▶ _Task_
After locating the line that bears "Fig. 1 Schedule", restate word for word that line and the rest of the listing to its final line, excluding all pictures.
** Excerpted records follows **
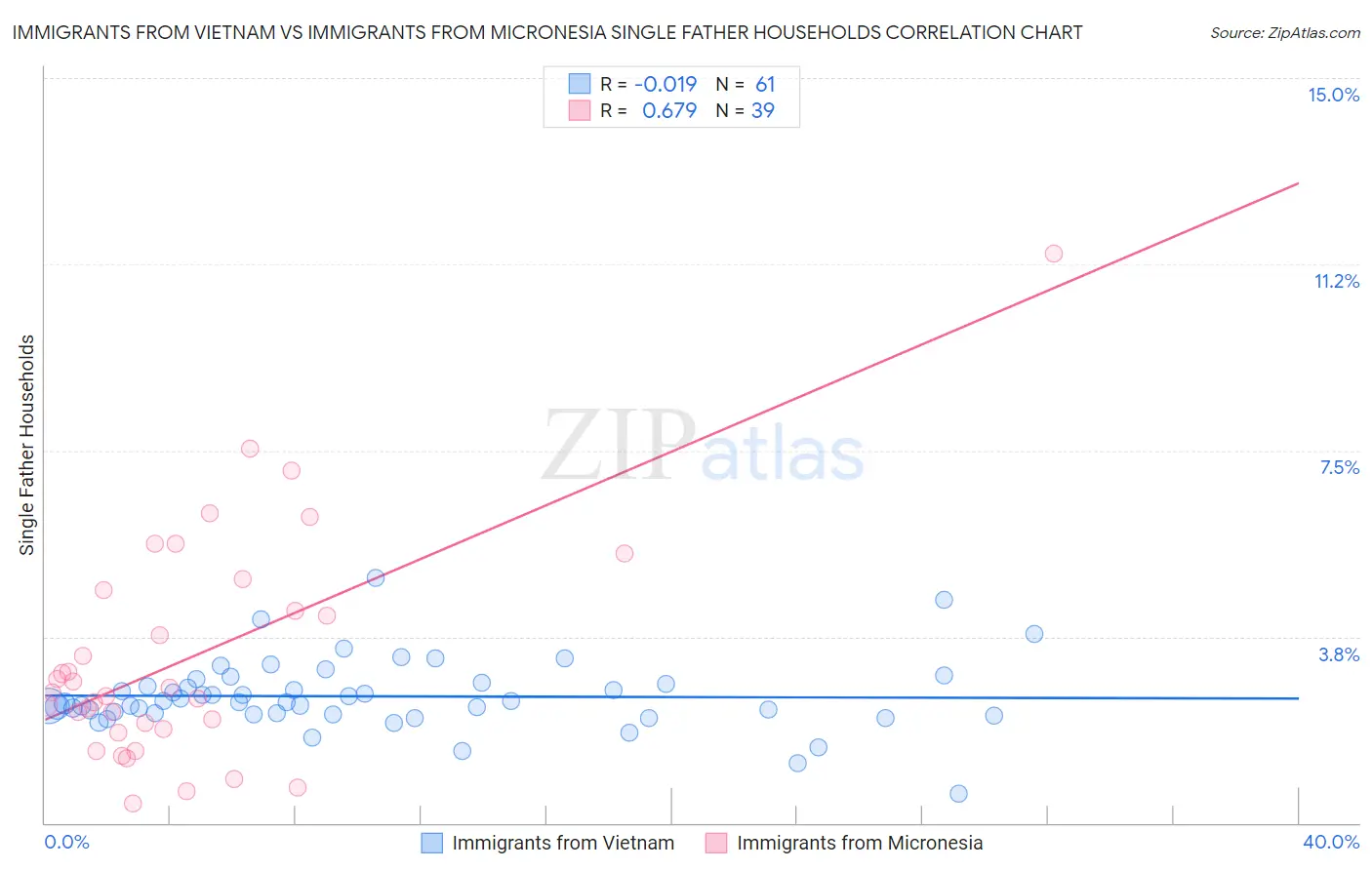 Immigrants from Vietnam vs Immigrants from Micronesia Single Father Households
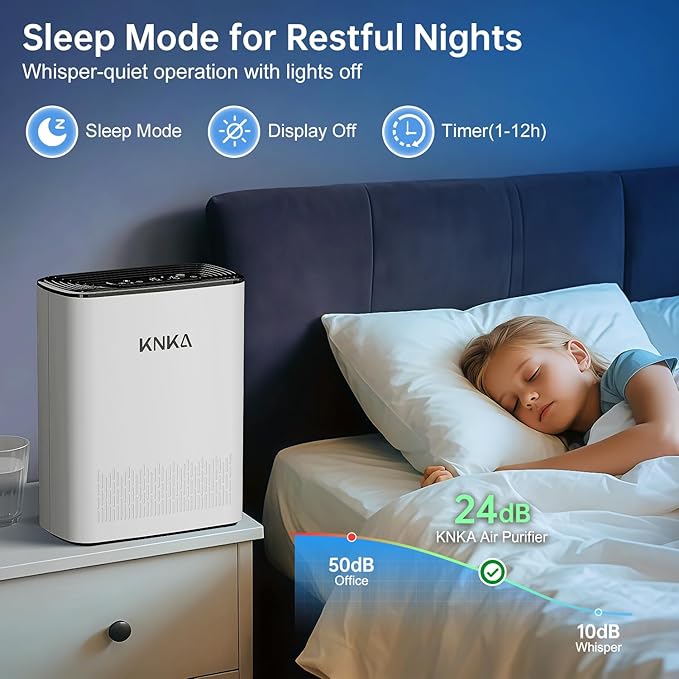 Air Purifier for Home Bedroom, True HEPA Air Cleaner with Washable Pre-Filter, AQI Display, Turbo Mode for Pets, Allergies, Dust, Pollen-PurrikoPets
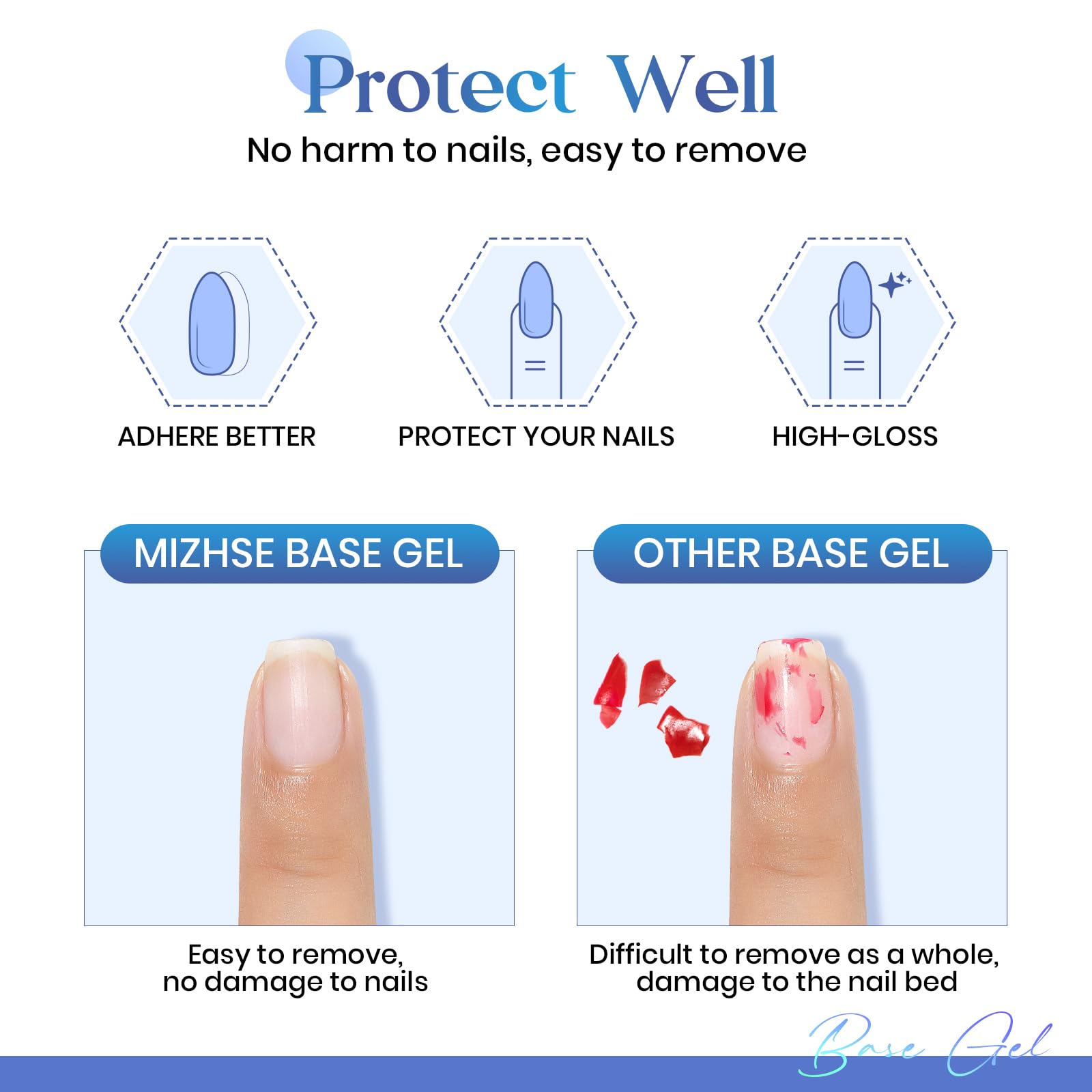 MIZHSE 100ml Gel Base Coat – Clear Foundation for Long-Lasting Soak-Off Gel Nails Kit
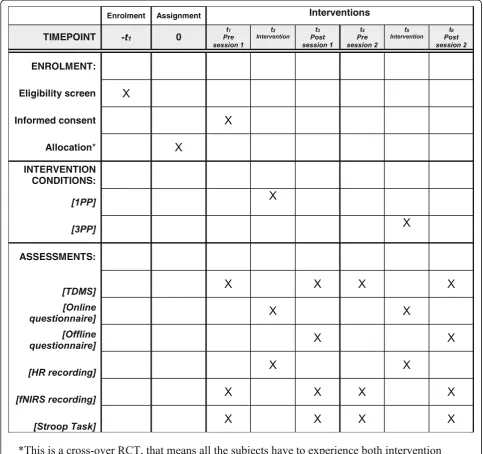 Fig. 1 Schedule of enrolment, interventions, and measurements, according to SPIRIT guidelines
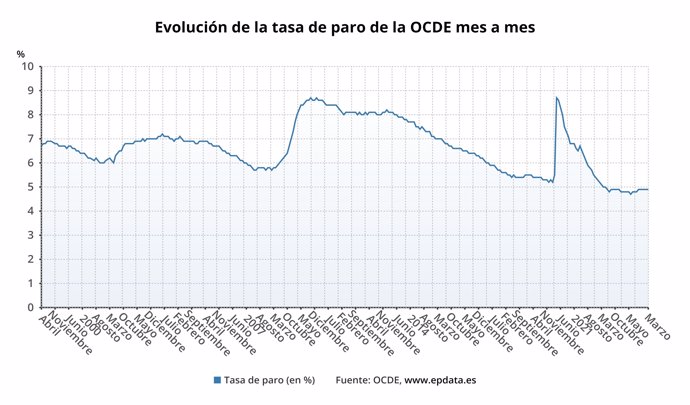 Evolución de la tasa de paro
** End of Excerpted records **
▶ _Reply_
 Fig. 1 Schedule of enrolment, interventions, and measurements, according to SPIRIT guidelines
 Evolución de la tasa de paro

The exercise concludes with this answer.